Adapun penyusunan RPPLH merupakan tahapan akhir dari kegiatan perencanaan yang kemudian dijadikan dasar bagi pemanfaatan sumber daya alam. Dokumen RPPLH merupakan perencanaan tertulis yang memuat potensi, permasalahan, serta upaya perlindungan dan pengelolaan lingkungan hidup dalam kurun waktu tertentu yang biasanya adalah 30 tahun. Pemerintah daerah diwajibkan mengedepankan konsep pembangunan berkelanjutan dengan menjadikan kelestarian lingkungan sebagai tujuan pembangunan, tanpa mengurangi efektivitas pertumbuhan ekonomi dan pemerataan kesejahteraan sebagai wujud mencapai keadilan sosial bagi masyarakat. Penyusunan RPPLH di daerah juga merupakan upaya pemerintah daerah dalam menjawab tantangan isu strategis lingkungan hidup global yang saat ini dikenal dengan istilah Triple Planetary Crisis yang meliputi isu perubahan iklim, polusi dan kerusakan lingkungan, dan hilangnya keanekaragaman hayati. Ketiga permasalahan lingkungan pokok ini saling berkaitan satu sama lain atau saling mempengaruhi satu sama lain dan mengancam bumi dan kehidupan umat manusia.
Di Indonesia perubahan iklim, polusi dan kerusakan lingkungan, dan hilangnya keanekaragaman hayati (triple planetary crisis) menjadi penyebab intensitas kejadian bencana hidrometerologi. Pada tahun 2021 tercatat 5.402 kejadian bencana alam.

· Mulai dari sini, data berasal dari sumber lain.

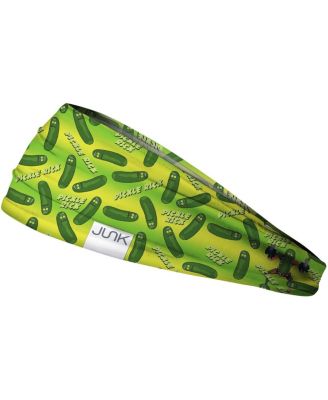 Unisex Rick And Morty Oversized Headband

Dari kejadian bencana alam tersebut, 98%-99% adalah bencana hidrometereologi yang mengakibatkan korban jiwa dan kerugian ekonomi, serta mengganggu sistem/struktur sosial (tata nilai, tata kelola, ketahanan social/social resilience, dan kelembagaan (pranata sosial). Untuk itu perlu dipandang untuk melaksanakan pengelolaan lingkungan hidup yang serasi, selaras, dan seimbang guna menunjang terlaksananya pembangunan berkelanjutan yang berwawasan lingkungan hidup di Kota Yogyakarta.